» **WORK REQUIRED**: For the records below, output word for word the lines from the one with "A modern living" up to and including the one with "Männlicher Wissenschaftler trägt". No pictures.

» **MATERIAL PROVIDED**:
· · · ·

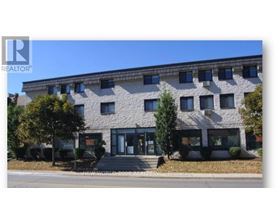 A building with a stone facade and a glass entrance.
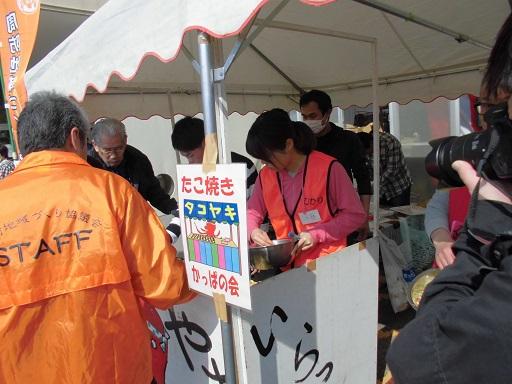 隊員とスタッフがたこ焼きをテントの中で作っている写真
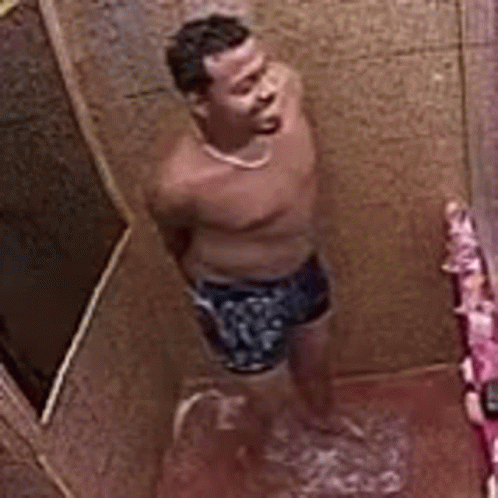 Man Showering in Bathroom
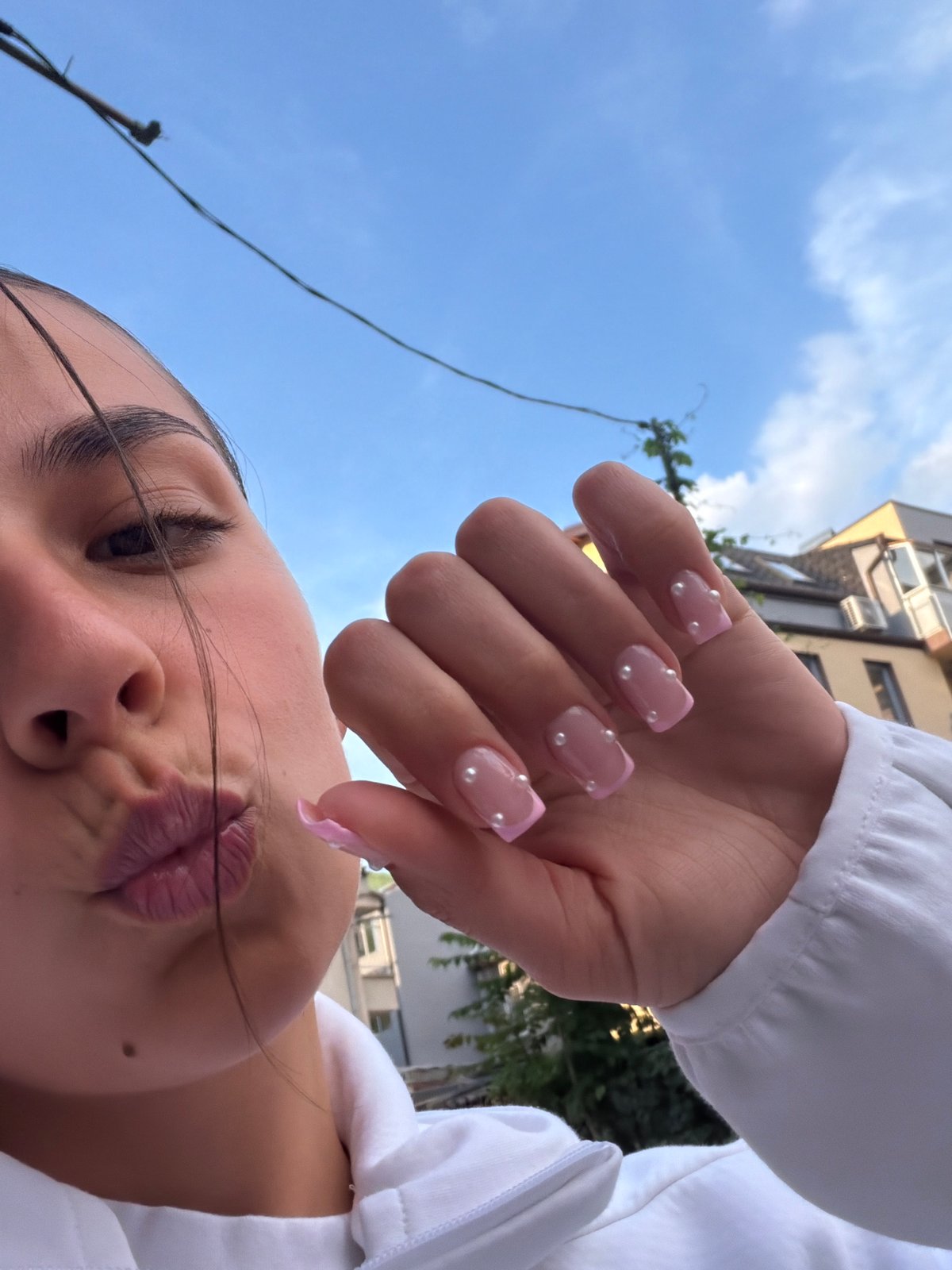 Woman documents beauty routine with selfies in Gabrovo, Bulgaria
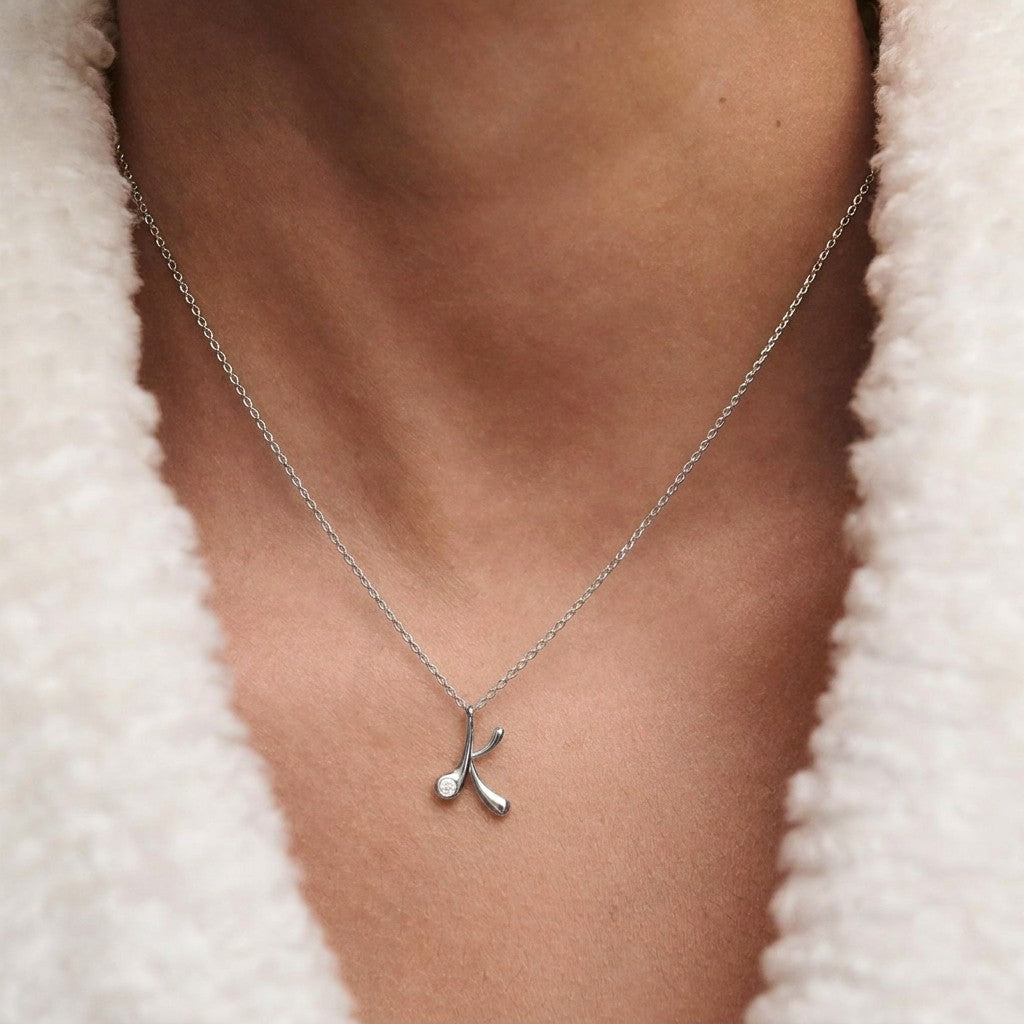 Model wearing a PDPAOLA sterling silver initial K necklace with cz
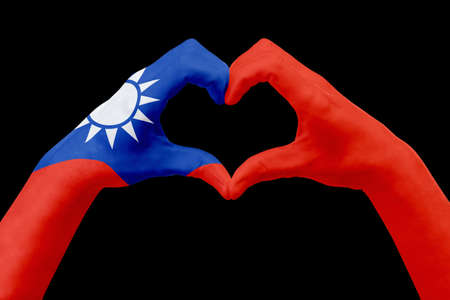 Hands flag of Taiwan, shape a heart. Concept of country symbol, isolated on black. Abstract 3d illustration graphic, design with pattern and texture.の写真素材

· · · ·

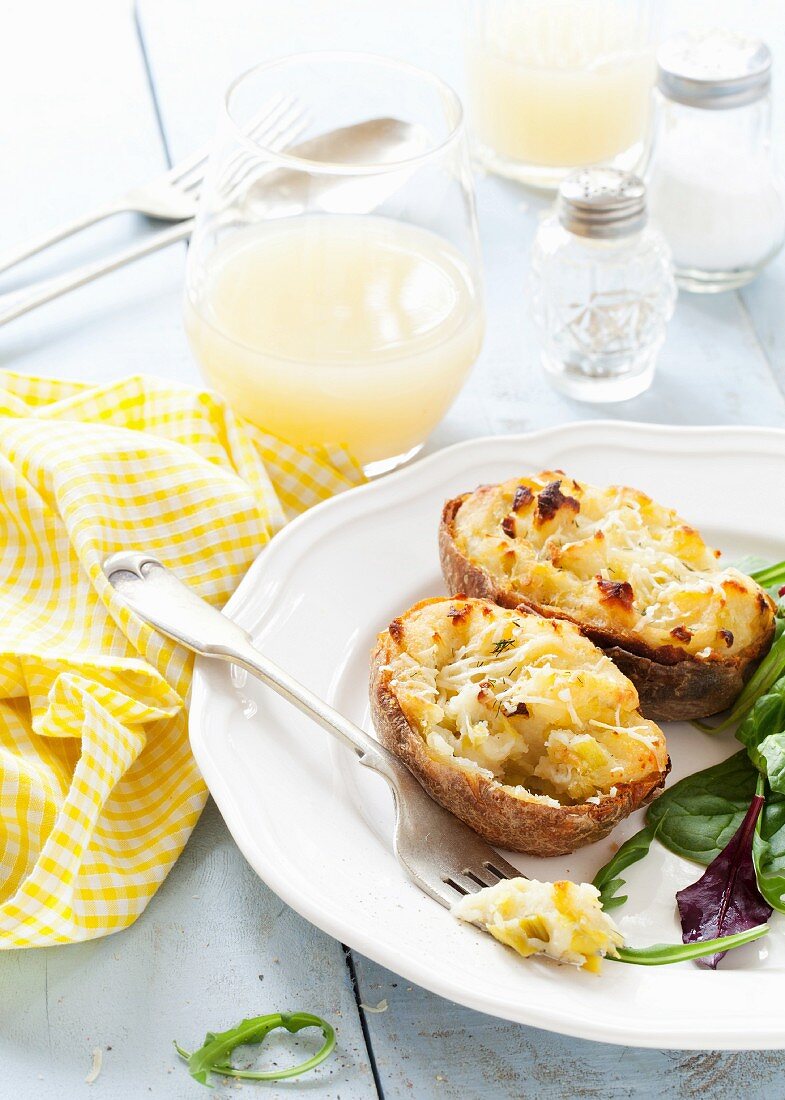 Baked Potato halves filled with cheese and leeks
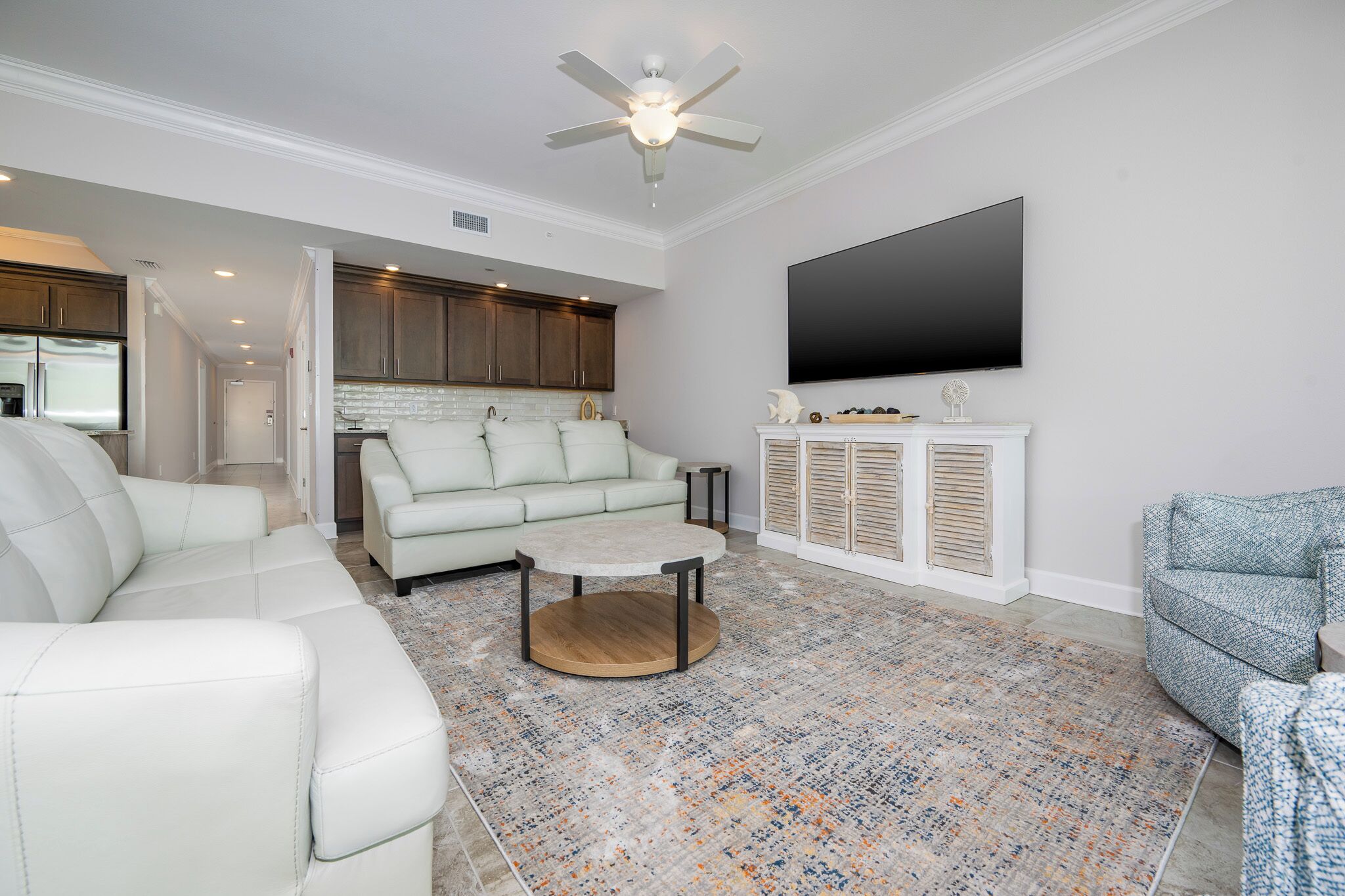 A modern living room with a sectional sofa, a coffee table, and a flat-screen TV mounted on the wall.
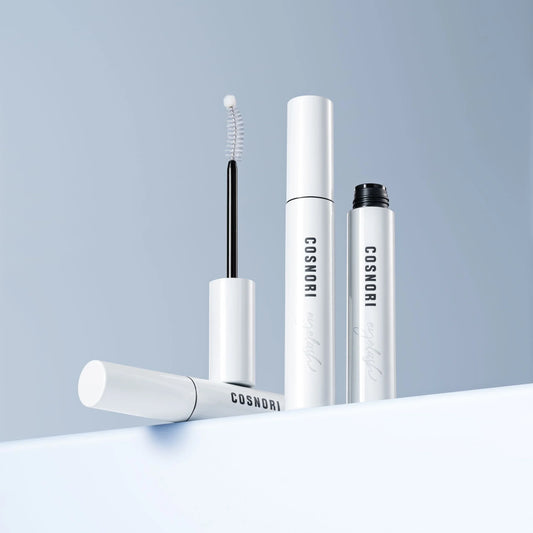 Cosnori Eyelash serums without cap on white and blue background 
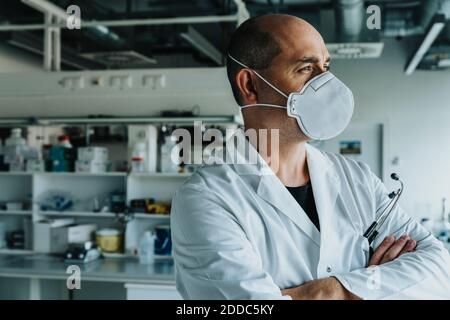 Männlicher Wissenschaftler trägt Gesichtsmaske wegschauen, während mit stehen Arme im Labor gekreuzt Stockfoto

· · · ·

» **ANSWER TO THIS TASK**:
 A modern living room with a sectional sofa, a coffee table, and a flat-screen TV mounted on the wall.
 Cosnori Eyelash serums without cap on white and blue background 
 Männlicher Wissenschaftler trägt Gesichtsmaske wegschauen, während mit stehen Arme im Labor gekreuzt Stockfoto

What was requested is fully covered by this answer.